The other point, I think, is even more important. It emerged from what took place that there is no way of dealing with the matter if a mistake should be made. It may be a serious mistake or it may not be serious, vet it may be something which ought not to be followed, and the Ecclesiastical Committee are put in the position that they must either pass something which ought not to be passed, or they must hang up the whole Measure, although, as a whole, they are in favour of it. I also ask the most rev. Primate to take into consideration whether such a very strong line should be taken as that. I do not think that any self-respecting Committee—and this Committee is a very strong and important body —will stand being told that they must either take it or leave if. Some other way ought to be open to them. I do not suggest for a moment that the Ecclesiastical Committee shall be given any power of amendment. I understand, and have always understood, the position. When the Ecclesiastical Committee point to a real flaw (which in the case of a Bill before Parliament would certainly be corrected) there should be some means of dealing with it without the whole Measure having to be lost. I desire to support the Motion.

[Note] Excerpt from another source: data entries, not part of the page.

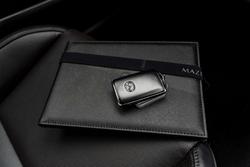 2021 Mazda CX-30 G25 Touring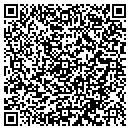 QR code with Young International contacts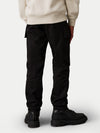 IB0IB02270T/BEH CALVIN KLEIN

My Lords, may I say one word in reference to what the noble Lord opposite (Lord Muir Mackenzie) has said. I happen to have been very intimately concerned with the matter during its conduct through the National Assembly. The noble Lord has suggested that certain persons whose interests were affected had no knowledge of what was being done, or at any rate did not know the extent to which their interests were being affected. I can assure him that that did not happen. I can assure him for a very good reason. The same persons who raised the objection came to see me several times, and, moreover, there were Amendments upon the Paper during the passage; of the Measure through the National Assembly which raised the very points to which the noble Lord has called attention. I agree that they were points of importance, and, because of that fact, they were very fully considered and discussed. I agree also with him that there ought to be sufficient publicity, but I am quite sure there was no want of publicity in this case upon the particular points to which he has called our attention.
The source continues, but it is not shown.